# Knitted baby Sandles



## DarleneF (Nov 16, 2011)

Can anyone tell me where I can get a pattern for these knitted baby sandles? Even if the pattern is close. I just love them and would love to make some up. Thank you in advance.


----------



## glnwhi (Jan 19, 2011)

on ravelry


----------



## noelwright (Feb 1, 2012)

http://www.ravelry.com/patterns/search#sort=best&query=baby flip flop pattern

several to choose from.


----------



## noelwright (Feb 1, 2012)

sorry! those are for crochet. I'll keep looking...


----------



## mirl56 (Dec 20, 2011)

Here are some slightly different baby sandles:
http://www.ravelry.com/patterns/search#sort=best&query=sandles


----------



## StellasKnits (Apr 10, 2011)

mirl56 said:


> Here are some slightly different baby sandles:
> http://www.ravelry.com/patterns/search#sort=best&query=sandles


Nope. Those are all crocheted too. I'd love a knitted pattern as well....


----------



## glnwhi (Jan 19, 2011)

the picture you have is crochet and its not hard


----------



## Reanne (Aug 12, 2011)

DarleneF said:


> Can anyone tell me where I can get a pattern for these knitted baby sandles? Even if the pattern is close. I just love them and would love to make some up. Thank you in advance.

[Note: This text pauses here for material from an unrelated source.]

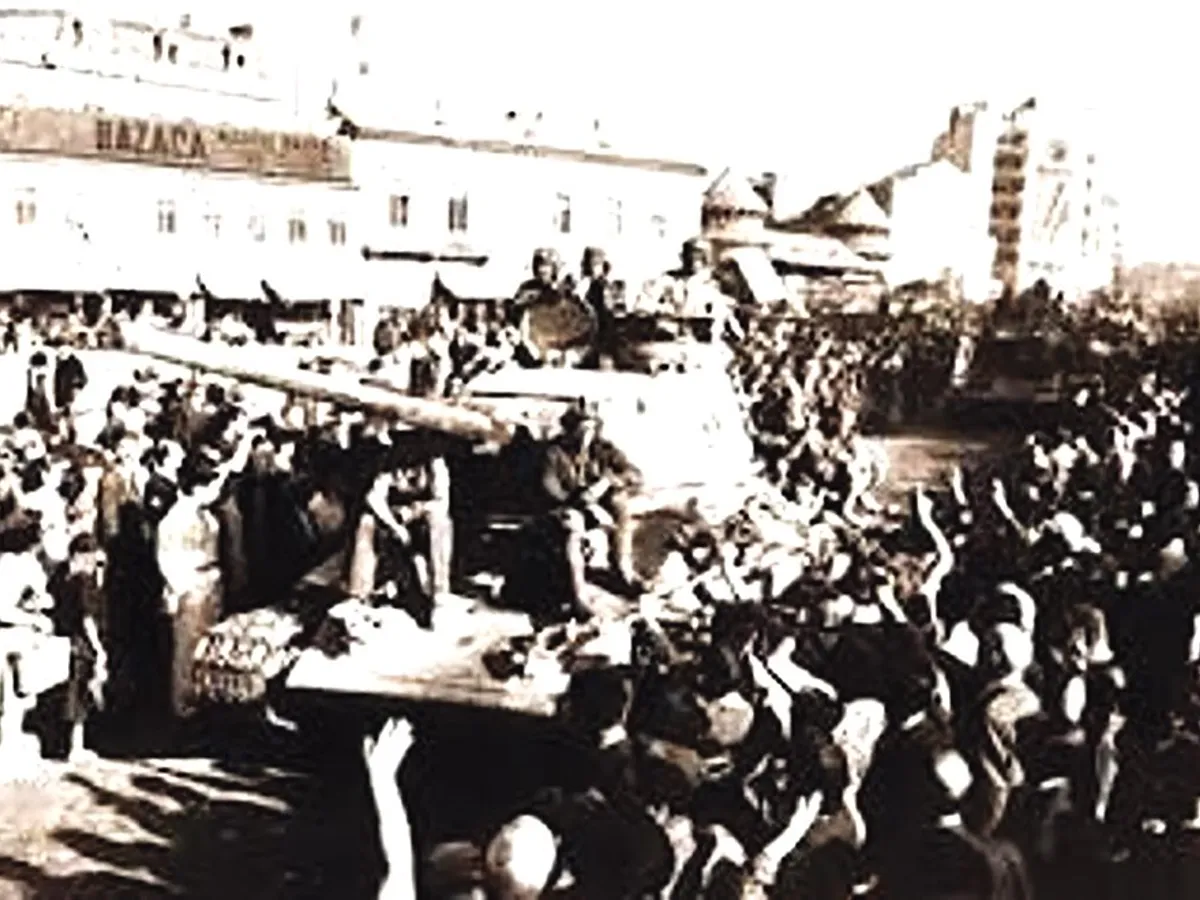 Armata Roșie ocupând Bucureștiul, în 1944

They are soooo cute, will you shae the pattern, please?


----------



## MargoN (Feb 5, 2012)

I think you are going to have some trouble finding a knitting pattern for these. They are barefoot sandals and are always a crochet or sometimes macrame pattern. I have only ever been able to find ones for adults but on my travels of the web found the following site and I am sure this is actually the full instructions for the picture you have. I hope I am right as they are so cute.

http://misadventuresofhandmade.blogspot.com/2012/02/barefoot-baby-sandals.html


----------



## Sewvirgo (Jul 27, 2011)

Margo found the exact pattern and it's free to boot. Ravelry had some under the search "Barefoot Sandals" but they are purchase only and all crochet.

http://www.ravelry.com/patterns/search#query=barefoot%20sandals&page=1&view=captioned_thumbs&fit=baby&sort=best


----------



## DarleneF (Nov 16, 2011)

These are exactly it! Now do you know how to convert them to knitting. I just love these


----------



## DarleneF (Nov 16, 2011)

Thank you all for the response, these are the exact sandals, http://misadventuresofhandmade.blogspot.com/2012/02/barefoot-baby-sandals.html, now if anyone can help me convert it to knitting that would be wonderful.

Thank you MARGO1954 for finding the pattern.


----------



## BethChaya (May 6, 2011)

thanks for finding that pattern!


----------



## dash (Feb 19, 2011)

did u find one in knitting i would love to have the pattern [email protected]


----------



## dash (Feb 19, 2011)

DarleneF said:


> Thank you all for the response, these are the exact sandals, http://misadventuresofhandmade.blogspot.com/2012/02/barefoot-baby-sandals.html, now if anyone can help me convert it to knitting that would be wonderful.
> 
> Thank you MARGO1954 for finding the pattern.


did u find a pattern for knit?????


----------



## Sewvirgo (Jul 27, 2011)

no but I'm going to try it soon. I think I'll start at the top and make a triangle by decreasing and do the toe loop with a tiny i-cord. I'll share the pattern and post pictures soon. It will get warm here pretty soon and my granddaughter was born 2 weeks ago so I can't put it off much longer!


----------



## dash (Feb 19, 2011)

did u figure it out


----------



## Sewvirgo (Jul 27, 2011)

No. I got started on a few other projects but the sandals are a bug in my eye so they will get done!


----------



## Sewvirgo (Jul 27, 2011)

I can't make them in knitting so kept practicing crochet and they are so cute! I am making several pairs and will post a pic when they are done. Really worth taking the time to learn the method.


----------



## tiffkoy (Feb 2, 2016)

Not sure if anyone ever found a knitting pattern, but I came across this post looking for the same thing. I did find this pattern on etsy, but it is not free.

https://www.etsy.com/listing/102097361/knitting-pattern-for-barefoot-sandals?ref=hp_mod_rf


----------